Vale decir, preguntas que tienen que ver con eso al frente y que deben quedar en eso. Los objetos de los poemas
de Mudanza, los platos, la taza,
revelan cierta carga de riesgo en su total enajenación; y en esto es inevitable
recordar a Millán. También para Millán el lenguaje es limitado, y resultaría
por ello un pajeo dedicarse a hacer poemas: la realidad es siempre ajena y como
el “Dios” de ciertas pancartas, más grandes que los problemas de uno. Por ello
el tono del humor en Ortega no es precisamente la levedad de quien simplemente
desea la absoluta y contemplativa irresponsabilidad frente al mundo (pienso en
Bertoni al decir esto), sino el reflejo de la propia impotencia frente a una
labor poética que se vacía al minuto de pensar en la relación de un poeta con
la realidad. Como entes pensantes podemos hasta confiar en comprender la trama
de lo real (la baraja entera del Tarot), pero el poeta se reconoce arcano menor, pura circunstancia bajo el
viento de un espeso aire en que todo es cantidad y cálculo abstracto. Más real
y cierta es la definición de Cian,
casi en el centro del libro, C: 100 / M: 0 / Y: 0 / K: 0 (y aun así, se podría
decir R: 0, G: 165, B: 230); al fin, todo es sólo operación de lenguaje, una
traducción para que se entienda a través de números aquello que no puede ser
entendido. Y esa otra realidad posible, detrás de lo palpable, termina dando lo mismo / porque se pierde, lo que
termina manteniendo cuerdo al autor y a sus lectores. Al
menos, la vaga existencia de golpes entre
piedras y chispas al aire puede,
sí, ser material poético.
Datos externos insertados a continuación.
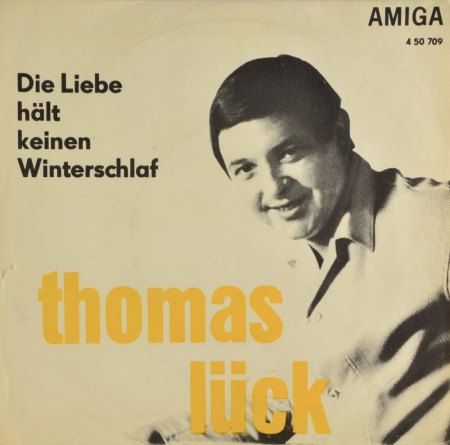 THOMAS LÜCK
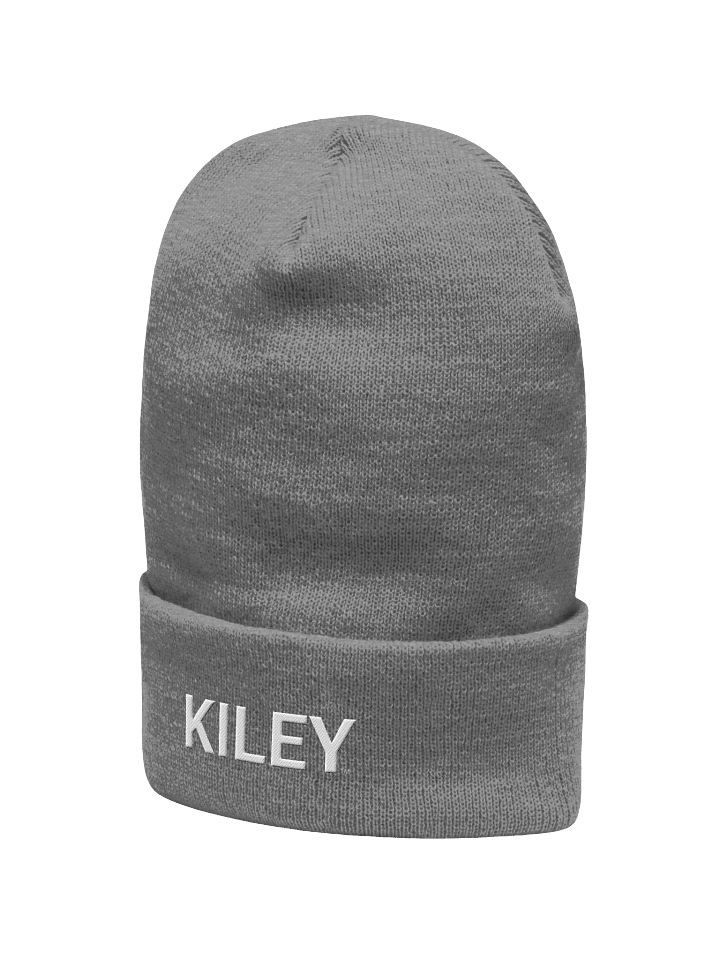 Symmetrically Yours Beanie product image (15)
En otras palabras, todo lo que se presenta al frente se da a un puro tráfico
espectral en que las abstracciones juegan entre sí para cierto sospechoso
placer para el autor y el lector: el caballo durmiendo, los pollos marinados y
el “topo” de traje han vendido su ser a la nada para que nosotros los podamos
leer –ya ni siquiera verlos, ya ni
siquiera aprovechar una utilidad que
han perdido a este lado del papel.
Es
decir, sólo podemos ver como tragedia la entrega al juego literario de esos
entes más allá del papel, víctimas del despojo profundo de su posible
naturalidad. La densa construcción de los últimos dos textos del libro –paréntesis de peces y cuerpo y trecho de la certidumbre al (sus)trato de la
taza- me parecen señales de este posible pathos en torno a lo no-humano, coronación de la imposibilidad de
pensar o describir la realidad desde nuestro lenguaje. Parafraseando al mismo
Ortega, es el ejemplo mayor del pragmatismo
asolador con que terminan tiñéndose todas las cosas en cierto grado de la
investigación poética.
Cian puede ser algo más o algo menos que las notas
que me ha provocado escribir para esta presentación; de hecho, me gustaría
considerarlo como un conjunto de anticipo para un libro mayor. Sin embargo,
desde ya su capacidad de poner en problemas al lector es una virtud escasa en
tiempos tan cómodos: las búsquedas poéticas mayores están reservadas para
pocos, y Fernando Ortega es uno de éstos.